A legacy of crime and fear
That criminals see kidnapping as easy money is a reflection of the ease of conducting such operations and of the rampant nature of crime in South African society, one of the world’s most unequal places to live.
Two-thirds of its 21 million youths – who make up almost half of the population – are currently unemployed, a figure worsened by the high cost of living. All of this and thriving corruption in and out of government has created fertile ground for those with limited access to opportunities to seek crime as a means to support themselves.
According to Johannesburg-based think tank the Institute for Security Studies (ISS), kidnappings are inextricably linked to violent crime because almost two-thirds of the incidents are linked to hijackings and business robberies.

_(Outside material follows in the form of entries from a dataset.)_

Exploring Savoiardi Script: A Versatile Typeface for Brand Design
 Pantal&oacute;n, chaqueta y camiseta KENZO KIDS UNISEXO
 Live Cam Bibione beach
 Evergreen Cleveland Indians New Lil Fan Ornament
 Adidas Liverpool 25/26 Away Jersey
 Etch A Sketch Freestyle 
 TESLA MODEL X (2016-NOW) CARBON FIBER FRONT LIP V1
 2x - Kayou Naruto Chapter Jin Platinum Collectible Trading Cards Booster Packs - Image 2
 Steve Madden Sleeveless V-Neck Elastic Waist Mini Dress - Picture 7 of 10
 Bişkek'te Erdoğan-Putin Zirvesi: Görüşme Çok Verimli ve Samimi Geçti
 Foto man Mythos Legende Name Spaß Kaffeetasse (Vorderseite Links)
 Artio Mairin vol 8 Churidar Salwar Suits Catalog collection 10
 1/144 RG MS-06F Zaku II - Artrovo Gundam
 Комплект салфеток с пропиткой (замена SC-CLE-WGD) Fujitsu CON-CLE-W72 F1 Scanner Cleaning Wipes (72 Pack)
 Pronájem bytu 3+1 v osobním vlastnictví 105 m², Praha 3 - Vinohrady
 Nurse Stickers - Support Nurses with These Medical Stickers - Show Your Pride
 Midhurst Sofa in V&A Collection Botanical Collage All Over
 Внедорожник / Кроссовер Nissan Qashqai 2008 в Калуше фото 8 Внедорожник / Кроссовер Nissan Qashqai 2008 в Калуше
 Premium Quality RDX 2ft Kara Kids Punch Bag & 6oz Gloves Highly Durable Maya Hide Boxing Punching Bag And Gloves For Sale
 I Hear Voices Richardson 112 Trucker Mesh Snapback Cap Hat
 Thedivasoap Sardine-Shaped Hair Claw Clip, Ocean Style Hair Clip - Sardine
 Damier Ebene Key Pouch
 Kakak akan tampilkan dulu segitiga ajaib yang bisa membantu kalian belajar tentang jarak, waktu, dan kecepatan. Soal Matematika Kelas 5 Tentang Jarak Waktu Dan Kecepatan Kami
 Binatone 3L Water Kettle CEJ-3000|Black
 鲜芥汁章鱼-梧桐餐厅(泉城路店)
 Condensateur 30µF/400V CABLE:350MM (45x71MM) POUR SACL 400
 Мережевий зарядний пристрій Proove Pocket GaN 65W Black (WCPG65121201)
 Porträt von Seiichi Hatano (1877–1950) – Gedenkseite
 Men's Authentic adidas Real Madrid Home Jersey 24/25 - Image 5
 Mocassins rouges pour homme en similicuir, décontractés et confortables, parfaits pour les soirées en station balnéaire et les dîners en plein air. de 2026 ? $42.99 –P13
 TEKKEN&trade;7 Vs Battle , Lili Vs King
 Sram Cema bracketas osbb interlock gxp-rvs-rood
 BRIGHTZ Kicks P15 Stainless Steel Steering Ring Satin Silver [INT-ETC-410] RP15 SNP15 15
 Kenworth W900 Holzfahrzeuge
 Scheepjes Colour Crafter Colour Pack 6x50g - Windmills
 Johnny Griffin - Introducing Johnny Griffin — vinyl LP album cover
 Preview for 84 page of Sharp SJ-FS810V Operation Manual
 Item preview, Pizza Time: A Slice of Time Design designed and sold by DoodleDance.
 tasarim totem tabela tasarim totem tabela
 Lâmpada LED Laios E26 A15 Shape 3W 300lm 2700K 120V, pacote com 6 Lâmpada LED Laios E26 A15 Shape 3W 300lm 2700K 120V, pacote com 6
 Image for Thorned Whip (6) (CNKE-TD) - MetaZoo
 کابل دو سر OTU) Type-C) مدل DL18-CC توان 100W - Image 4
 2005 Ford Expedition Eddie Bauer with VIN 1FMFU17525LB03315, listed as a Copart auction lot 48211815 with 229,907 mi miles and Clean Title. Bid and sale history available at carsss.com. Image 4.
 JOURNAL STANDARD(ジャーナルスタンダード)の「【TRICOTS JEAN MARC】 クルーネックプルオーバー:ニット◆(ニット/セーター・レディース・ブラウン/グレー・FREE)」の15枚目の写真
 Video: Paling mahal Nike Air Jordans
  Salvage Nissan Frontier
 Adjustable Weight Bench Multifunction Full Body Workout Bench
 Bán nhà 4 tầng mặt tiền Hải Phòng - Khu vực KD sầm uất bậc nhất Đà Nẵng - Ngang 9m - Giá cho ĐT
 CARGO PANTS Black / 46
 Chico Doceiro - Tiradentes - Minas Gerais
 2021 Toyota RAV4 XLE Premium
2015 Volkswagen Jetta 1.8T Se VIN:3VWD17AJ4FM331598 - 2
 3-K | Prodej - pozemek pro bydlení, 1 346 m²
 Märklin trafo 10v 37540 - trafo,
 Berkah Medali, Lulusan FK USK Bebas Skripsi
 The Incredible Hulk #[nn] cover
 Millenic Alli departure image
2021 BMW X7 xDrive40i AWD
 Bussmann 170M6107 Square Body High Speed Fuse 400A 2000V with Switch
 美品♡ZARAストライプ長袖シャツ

After apartheid ended in 1994, the majority of Black people were left without good jobs or access to education and other opportunities. Today’s high crime rates are an enduring legacy of that, analysts say.
While acknowledging the causative factors of crime, Abramjee wants the authorities to crack down on offenders more. “Not enough is being done. They need to beef up the criminal justice system, they need specialised investigators … the courts need to come down hard on the suspects as well, and they must not be given bail for serious charges like kidnapping,” he said.
For kidnapping survivors, not even freedom has liberated them from the lingering trauma of their experience.
Nearly a year after her ordeal, Skosana says she hasn’t fully recovered even though she feels better because of counselling. “I feel very unsafe and I’m paranoid. I don’t trust anyone, especially those around me,” she said.